━━ Data supplied

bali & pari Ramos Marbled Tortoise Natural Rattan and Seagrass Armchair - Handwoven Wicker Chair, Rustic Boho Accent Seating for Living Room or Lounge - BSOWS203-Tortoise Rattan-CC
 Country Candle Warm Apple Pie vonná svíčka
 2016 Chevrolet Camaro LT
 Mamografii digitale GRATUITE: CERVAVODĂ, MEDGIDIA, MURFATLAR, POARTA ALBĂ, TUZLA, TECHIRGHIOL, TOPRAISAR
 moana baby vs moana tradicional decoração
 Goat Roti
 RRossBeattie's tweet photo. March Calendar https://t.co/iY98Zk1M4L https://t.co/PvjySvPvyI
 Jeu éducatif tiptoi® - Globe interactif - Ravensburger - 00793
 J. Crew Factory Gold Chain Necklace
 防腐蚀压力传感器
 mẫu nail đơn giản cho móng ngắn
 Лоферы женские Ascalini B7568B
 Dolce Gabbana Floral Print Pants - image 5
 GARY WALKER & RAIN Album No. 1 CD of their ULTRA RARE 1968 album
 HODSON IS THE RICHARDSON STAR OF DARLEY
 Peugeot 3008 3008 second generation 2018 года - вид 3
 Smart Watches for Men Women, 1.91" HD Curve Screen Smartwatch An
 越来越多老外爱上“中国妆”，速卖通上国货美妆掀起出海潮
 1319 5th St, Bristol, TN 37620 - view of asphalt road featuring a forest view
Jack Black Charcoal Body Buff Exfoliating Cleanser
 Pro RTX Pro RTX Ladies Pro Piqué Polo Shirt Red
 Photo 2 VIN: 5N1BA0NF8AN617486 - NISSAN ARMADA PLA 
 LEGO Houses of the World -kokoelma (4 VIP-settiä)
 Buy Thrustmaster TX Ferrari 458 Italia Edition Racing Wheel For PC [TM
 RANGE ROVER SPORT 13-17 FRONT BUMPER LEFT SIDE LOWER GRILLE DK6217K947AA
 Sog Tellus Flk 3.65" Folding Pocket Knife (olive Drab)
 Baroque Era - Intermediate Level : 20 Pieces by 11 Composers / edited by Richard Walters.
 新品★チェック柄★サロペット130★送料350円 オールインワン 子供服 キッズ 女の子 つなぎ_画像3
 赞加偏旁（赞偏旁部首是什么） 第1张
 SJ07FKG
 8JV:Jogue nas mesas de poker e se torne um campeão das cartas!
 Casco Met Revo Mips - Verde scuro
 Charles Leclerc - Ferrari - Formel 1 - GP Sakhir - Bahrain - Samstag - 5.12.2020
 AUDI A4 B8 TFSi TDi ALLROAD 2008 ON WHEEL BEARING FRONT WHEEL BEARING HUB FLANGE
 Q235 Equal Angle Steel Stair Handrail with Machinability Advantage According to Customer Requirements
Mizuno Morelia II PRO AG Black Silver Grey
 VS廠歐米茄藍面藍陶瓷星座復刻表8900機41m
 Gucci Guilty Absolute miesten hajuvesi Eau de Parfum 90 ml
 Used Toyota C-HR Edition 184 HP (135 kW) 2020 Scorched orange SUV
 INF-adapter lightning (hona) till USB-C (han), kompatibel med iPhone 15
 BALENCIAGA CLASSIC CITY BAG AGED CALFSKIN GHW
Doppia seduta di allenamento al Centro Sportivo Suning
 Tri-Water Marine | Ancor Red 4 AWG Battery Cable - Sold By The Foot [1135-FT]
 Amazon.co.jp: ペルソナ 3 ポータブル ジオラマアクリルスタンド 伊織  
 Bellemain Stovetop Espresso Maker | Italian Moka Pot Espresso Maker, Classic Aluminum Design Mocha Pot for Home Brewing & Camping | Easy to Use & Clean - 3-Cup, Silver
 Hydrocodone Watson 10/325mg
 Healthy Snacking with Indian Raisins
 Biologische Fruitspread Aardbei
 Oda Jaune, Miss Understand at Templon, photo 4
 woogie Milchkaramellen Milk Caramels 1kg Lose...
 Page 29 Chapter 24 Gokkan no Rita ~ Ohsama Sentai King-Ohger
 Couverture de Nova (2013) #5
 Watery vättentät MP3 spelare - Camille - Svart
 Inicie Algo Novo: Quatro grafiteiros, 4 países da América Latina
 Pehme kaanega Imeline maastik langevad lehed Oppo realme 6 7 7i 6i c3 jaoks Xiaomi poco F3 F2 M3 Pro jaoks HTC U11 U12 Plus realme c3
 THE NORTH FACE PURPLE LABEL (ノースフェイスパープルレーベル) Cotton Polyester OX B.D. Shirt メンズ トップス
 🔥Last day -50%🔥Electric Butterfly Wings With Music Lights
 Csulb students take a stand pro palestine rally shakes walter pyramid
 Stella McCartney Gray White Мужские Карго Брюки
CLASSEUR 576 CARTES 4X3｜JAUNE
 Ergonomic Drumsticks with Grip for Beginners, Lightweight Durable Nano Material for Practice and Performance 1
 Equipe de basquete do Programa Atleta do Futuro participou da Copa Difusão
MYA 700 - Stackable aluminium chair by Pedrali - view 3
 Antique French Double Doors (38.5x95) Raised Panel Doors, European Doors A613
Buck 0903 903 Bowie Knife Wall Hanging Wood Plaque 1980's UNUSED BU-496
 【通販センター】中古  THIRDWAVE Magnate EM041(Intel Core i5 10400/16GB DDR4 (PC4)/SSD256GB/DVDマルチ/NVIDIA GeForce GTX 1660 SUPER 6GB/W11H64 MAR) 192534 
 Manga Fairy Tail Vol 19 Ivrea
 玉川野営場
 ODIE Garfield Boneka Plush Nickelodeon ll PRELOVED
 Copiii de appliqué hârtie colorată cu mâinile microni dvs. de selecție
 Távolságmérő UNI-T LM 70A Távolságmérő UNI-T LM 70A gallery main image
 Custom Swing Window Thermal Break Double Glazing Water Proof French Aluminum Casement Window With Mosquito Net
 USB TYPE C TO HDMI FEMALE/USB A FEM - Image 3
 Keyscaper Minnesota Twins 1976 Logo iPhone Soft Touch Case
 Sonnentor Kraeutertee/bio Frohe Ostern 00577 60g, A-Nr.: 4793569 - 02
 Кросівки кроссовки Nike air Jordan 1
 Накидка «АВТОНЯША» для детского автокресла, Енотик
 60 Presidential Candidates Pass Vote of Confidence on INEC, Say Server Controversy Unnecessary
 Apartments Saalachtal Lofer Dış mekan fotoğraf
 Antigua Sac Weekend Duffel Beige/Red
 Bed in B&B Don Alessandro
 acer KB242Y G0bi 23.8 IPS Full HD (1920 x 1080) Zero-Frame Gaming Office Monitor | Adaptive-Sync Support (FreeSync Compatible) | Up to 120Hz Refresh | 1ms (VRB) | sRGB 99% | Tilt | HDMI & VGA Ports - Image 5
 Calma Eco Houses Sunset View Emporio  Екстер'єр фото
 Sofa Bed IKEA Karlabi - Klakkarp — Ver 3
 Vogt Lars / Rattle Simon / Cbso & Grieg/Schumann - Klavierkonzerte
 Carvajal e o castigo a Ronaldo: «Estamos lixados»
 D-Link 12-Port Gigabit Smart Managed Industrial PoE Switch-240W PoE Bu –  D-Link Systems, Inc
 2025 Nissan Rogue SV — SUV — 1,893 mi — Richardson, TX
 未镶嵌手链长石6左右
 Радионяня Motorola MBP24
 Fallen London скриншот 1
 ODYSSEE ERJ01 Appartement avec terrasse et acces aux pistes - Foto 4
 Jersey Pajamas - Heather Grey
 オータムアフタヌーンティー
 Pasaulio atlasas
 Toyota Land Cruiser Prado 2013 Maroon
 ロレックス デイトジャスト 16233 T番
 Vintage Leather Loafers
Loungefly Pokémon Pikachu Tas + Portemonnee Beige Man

━━━━

§ **Problem requirements**
Print again the lines of the entries above that fall between the line holding "Casco Met Revo Mips - Verde scuro" and the line holding "Buck 0903 903", inclusive, exactly as they stand.

§ **Task result**
 Casco Met Revo Mips - Verde scuro
 Charles Leclerc - Ferrari - Formel 1 - GP Sakhir - Bahrain - Samstag - 5.12.2020
 AUDI A4 B8 TFSi TDi ALLROAD 2008 ON WHEEL BEARING FRONT WHEEL BEARING HUB FLANGE
 Q235 Equal Angle Steel Stair Handrail with Machinability Advantage According to Customer Requirements
Mizuno Morelia II PRO AG Black Silver Grey
 VS廠歐米茄藍面藍陶瓷星座復刻表8900機41m
 Gucci Guilty Absolute miesten hajuvesi Eau de Parfum 90 ml
 Used Toyota C-HR Edition 184 HP (135 kW) 2020 Scorched orange SUV
 INF-adapter lightning (hona) till USB-C (han), kompatibel med iPhone 15
 BALENCIAGA CLASSIC CITY BAG AGED CALFSKIN GHW
Doppia seduta di allenamento al Centro Sportivo Suning
 Tri-Water Marine | Ancor Red 4 AWG Battery Cable - Sold By The Foot [1135-FT]
 Amazon.co.jp: ペルソナ 3 ポータブル ジオラマアクリルスタンド 伊織  
 Bellemain Stovetop Espresso Maker | Italian Moka Pot Espresso Maker, Classic Aluminum Design Mocha Pot for Home Brewing & Camping | Easy to Use & Clean - 3-Cup, Silver
 Hydrocodone Watson 10/325mg
 Healthy Snacking with Indian Raisins
 Biologische Fruitspread Aardbei
 Oda Jaune, Miss Understand at Templon, photo 4
 woogie Milchkaramellen Milk Caramels 1kg Lose...
 Page 29 Chapter 24 Gokkan no Rita ~ Ohsama Sentai King-Ohger
 Couverture de Nova (2013) #5
 Watery vättentät MP3 spelare - Camille - Svart
 Inicie Algo Novo: Quatro grafiteiros, 4 países da América Latina
 Pehme kaanega Imeline maastik langevad lehed Oppo realme 6 7 7i 6i c3 jaoks Xiaomi poco F3 F2 M3 Pro jaoks HTC U11 U12 Plus realme c3
 THE NORTH FACE PURPLE LABEL (ノースフェイスパープルレーベル) Cotton Polyester OX B.D. Shirt メンズ トップス
 🔥Last day -50%🔥Electric Butterfly Wings With Music Lights
 Csulb students take a stand pro palestine rally shakes walter pyramid
 Stella McCartney Gray White Мужские Карго Брюки
CLASSEUR 576 CARTES 4X3｜JAUNE
 Ergonomic Drumsticks with Grip for Beginners, Lightweight Durable Nano Material for Practice and Performance 1
 Equipe de basquete do Programa Atleta do Futuro participou da Copa Difusão
MYA 700 - Stackable aluminium chair by Pedrali - view 3
 Antique French Double Doors (38.5x95) Raised Panel Doors, European Doors A613
Buck 0903 903 Bowie Knife Wall Hanging Wood Plaque 1980's UNUSED BU-496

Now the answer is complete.